**Problem requirements:**
Return the material below exactly, but only from the line with "In the last" through the line with "The Doppler effect", and without its pictures.

**Records supplied:**
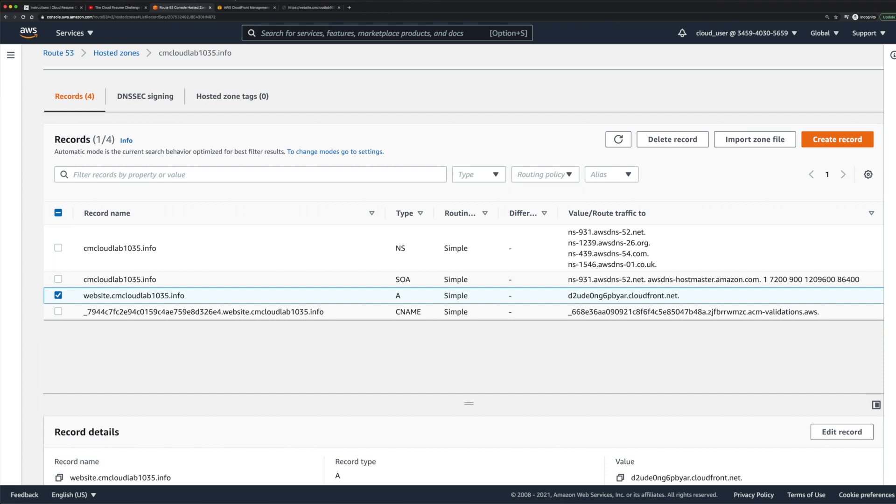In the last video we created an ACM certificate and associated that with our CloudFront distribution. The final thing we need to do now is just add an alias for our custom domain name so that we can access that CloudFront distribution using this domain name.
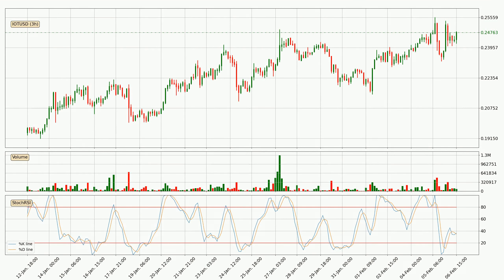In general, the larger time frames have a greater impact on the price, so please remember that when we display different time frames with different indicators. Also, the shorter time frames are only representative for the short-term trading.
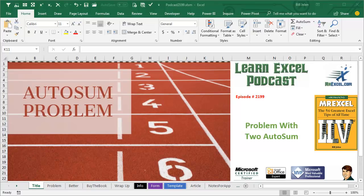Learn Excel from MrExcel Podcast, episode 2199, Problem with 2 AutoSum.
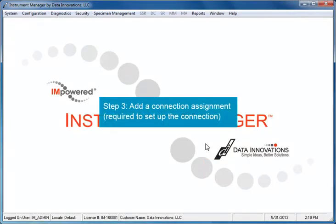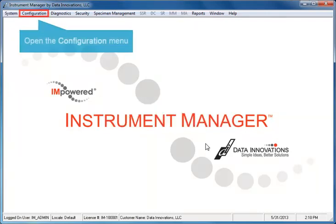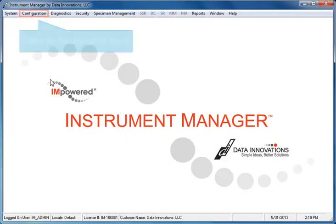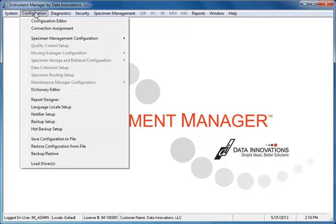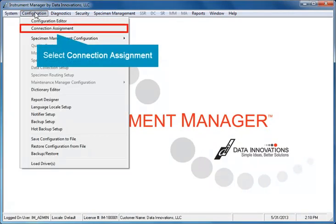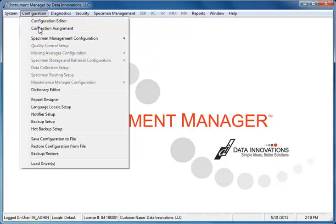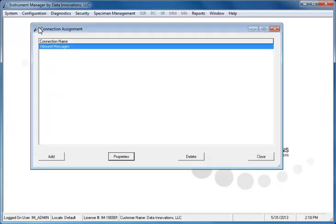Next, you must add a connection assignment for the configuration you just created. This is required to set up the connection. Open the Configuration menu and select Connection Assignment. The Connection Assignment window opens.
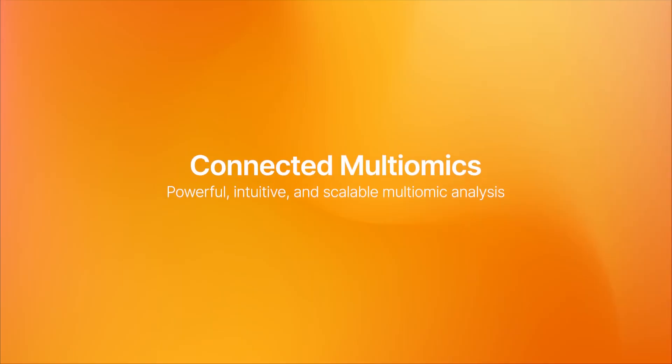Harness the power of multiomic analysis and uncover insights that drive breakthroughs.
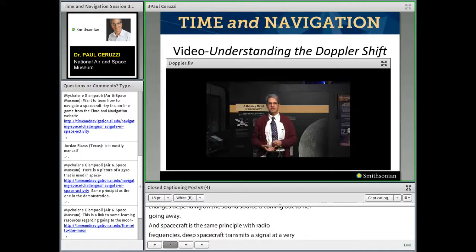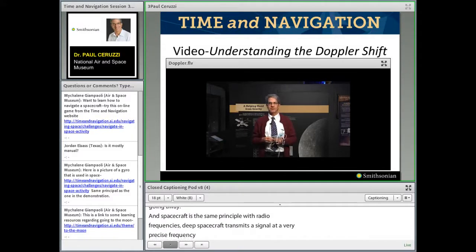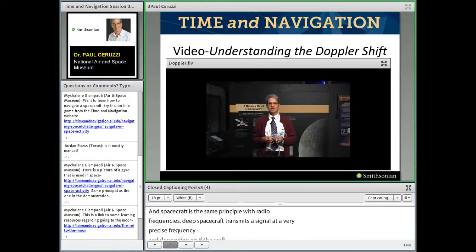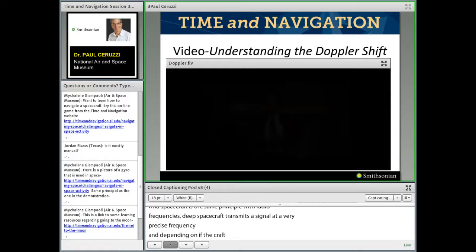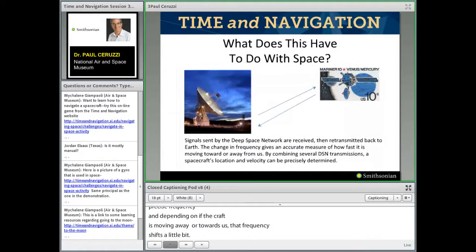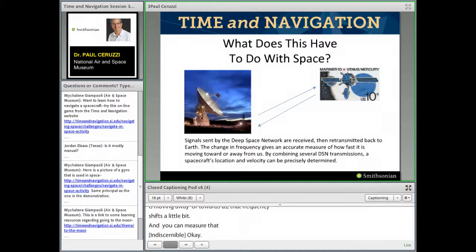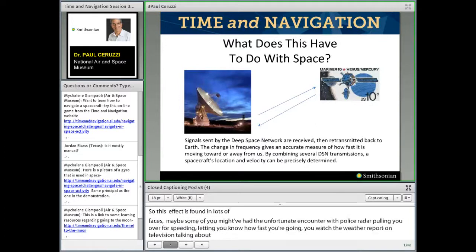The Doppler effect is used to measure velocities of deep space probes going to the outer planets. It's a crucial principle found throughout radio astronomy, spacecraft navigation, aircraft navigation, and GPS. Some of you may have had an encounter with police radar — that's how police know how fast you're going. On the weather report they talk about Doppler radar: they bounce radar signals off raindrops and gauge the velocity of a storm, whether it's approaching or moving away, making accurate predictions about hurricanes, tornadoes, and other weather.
---
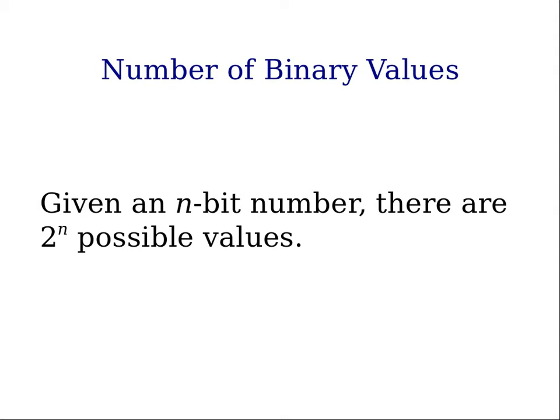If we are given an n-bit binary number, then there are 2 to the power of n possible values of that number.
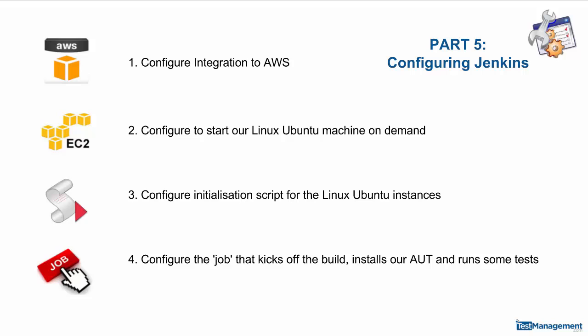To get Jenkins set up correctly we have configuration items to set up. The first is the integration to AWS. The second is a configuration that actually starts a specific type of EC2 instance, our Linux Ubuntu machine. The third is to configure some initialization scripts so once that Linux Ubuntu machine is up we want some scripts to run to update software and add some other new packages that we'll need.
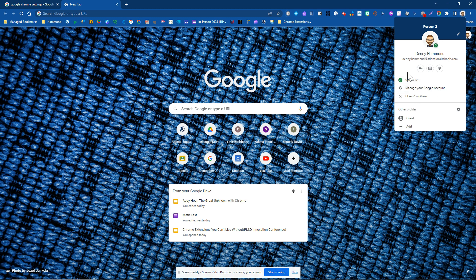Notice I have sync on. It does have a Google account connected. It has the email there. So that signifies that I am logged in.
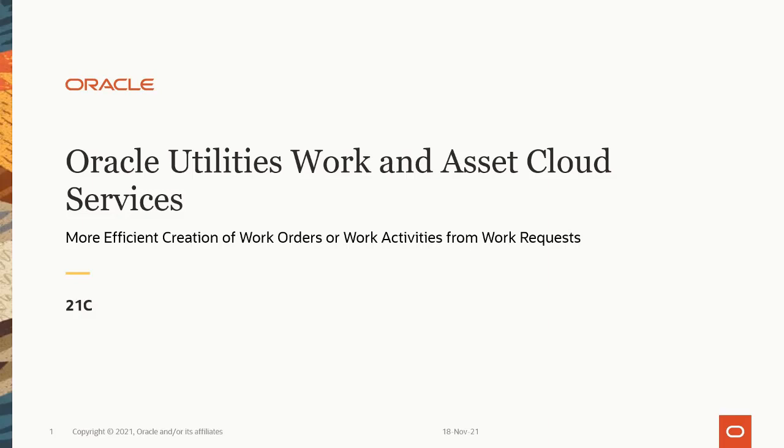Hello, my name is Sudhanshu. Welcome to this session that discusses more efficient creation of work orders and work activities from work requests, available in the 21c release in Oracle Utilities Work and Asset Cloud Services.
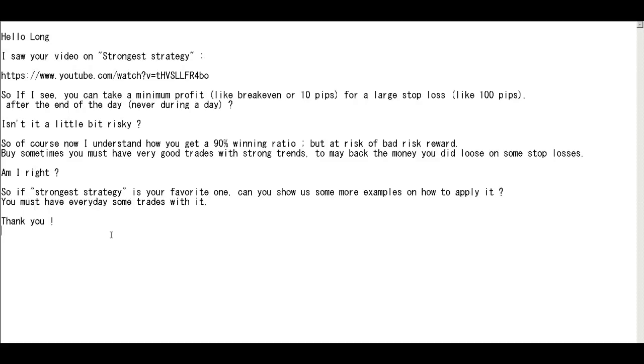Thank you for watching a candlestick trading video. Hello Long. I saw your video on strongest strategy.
---
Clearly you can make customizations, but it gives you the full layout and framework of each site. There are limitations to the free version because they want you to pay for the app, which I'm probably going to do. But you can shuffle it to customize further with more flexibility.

**Your response:**
In the last video we created an ACM certificate and associated that with our CloudFront distribution. The final thing we need to do now is just add an alias for our custom domain name so that we can access that CloudFront distribution using this domain name.
In general, the larger time frames have a greater impact on the price, so please remember that when we display different time frames with different indicators. Also, the shorter time frames are only representative for the short-term trading.
Learn Excel from MrExcel Podcast, episode 2199, Problem with 2 AutoSum.
Next, you must add a connection assignment for the configuration you just created. This is required to set up the connection. Open the Configuration menu and select Connection Assignment. The Connection Assignment window opens.
Harness the power of multiomic analysis and uncover insights that drive breakthroughs.
The Doppler effect is used to measure velocities of deep space probes going to the outer planets. It's a crucial principle found throughout radio astronomy, spacecraft navigation, aircraft navigation, and GPS. Some of you may have had an encounter with police radar — that's how police know how fast you're going. On the weather report they talk about Doppler radar: they bounce radar signals off raindrops and gauge the velocity of a storm, whether it's approaching or moving away, making accurate predictions about hurricanes, tornadoes, and other weather.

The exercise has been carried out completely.